À la lumière de ce qui précède, il s’ensuit que, même si les décisions antérieures présentées à la division d’opposition sont, dans une certaine mesure, similaires à l’espèce en ce qui concerne les faits, l’issue peut ne pas être identique.
Compte tenu de tout ce qui précède, la division d’opposition estime qu’il existe un risque de confusion dans l’esprit de la partie anglophone du public. Comme indiqué ci- dessus dans la section c) de la présente décision, un risque de confusion pour seulement une partie du public pertinent de l’Union européenne suffit pour rejeter la demande contestée;
Il résulte de ce qui précède que la marque contestée doit être rejetée pour les produits jugés similaires à ceux de la marque antérieure.
Les autres produits contestés sont différents. L’identité ou la similitude des produits et services étant une condition nécessaire à l’application de l’article 8, paragraphe 1, point b), du RMUE, l’opposition fondée sur cet article et dirigée contre ces produits ne saurait être accueillie.
FRAIS
Conformément à l’article 109, paragraphe 1, du RMUE, la partie perdante dans une procédure d’opposition doit supporter les taxes et frais exposés par l’autre partie. Conformément à l’article 109, paragraphe 3, du RMUE, dans la mesure où les parties succombent respectivement sur un ou plusieurs chefs, ou dans la mesure où l’équité l’exige, la division d’opposition décide d’une répartition différente des frais.
Décision sur l’opposition no B 3 122 501 page: 7de 7
Étant donné que l’opposition n’est accueillie que pour une partie des produits contestés, les deux parties succombent respectivement sur un ou plusieurs chefs. Par conséquent, chaque partie doit supporter ses propres dépens.

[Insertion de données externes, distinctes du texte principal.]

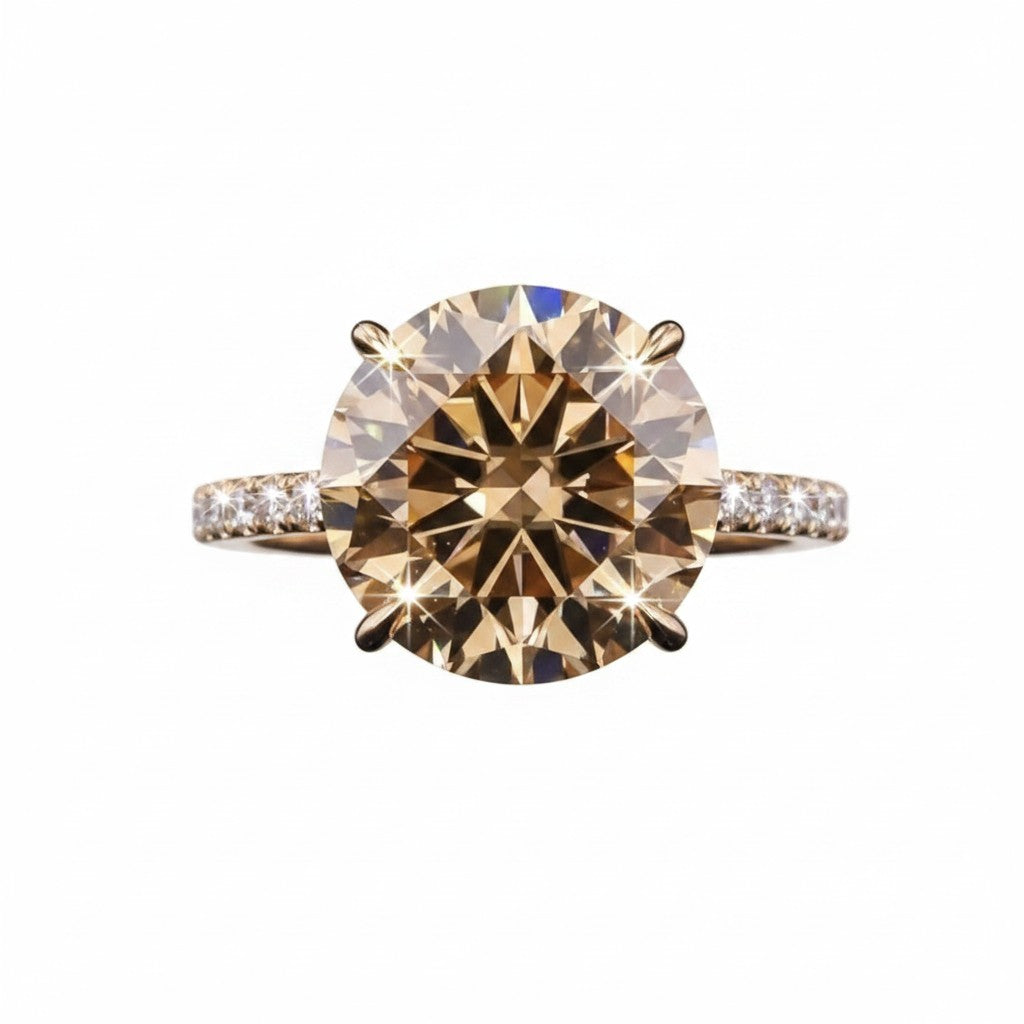 GEMHUB & CO. 10.50 Ct round cut champagne moissanite ring with pavĂŠ band in gold vermeil.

De la division d’opposition
Astrid WÄBER Jorge IBOR QUILEZ Andrea VALISA
Conformément à l’article 67 du RMUE, toute partie peut recourir contre cette décision pour autant que cette dernière n’ait pas fait droit à ses prétentions. Conformément à l’article 68 du RMUE, le recours doit être formé par écrit auprès de l’Office dans un délai de deux mois à compter du jour de la notification de la présente décision. L’acte de recours est déposé dans la langue de procédure de la décision attaquée. En outre, un mémoire exposant les motifs du recours doit être déposé par écrit dans un délai de quatre mois à compter de cette date. Le recours n’est considéré comme formé qu’après paiement de la taxe de recours d’un montant de 720 EUR.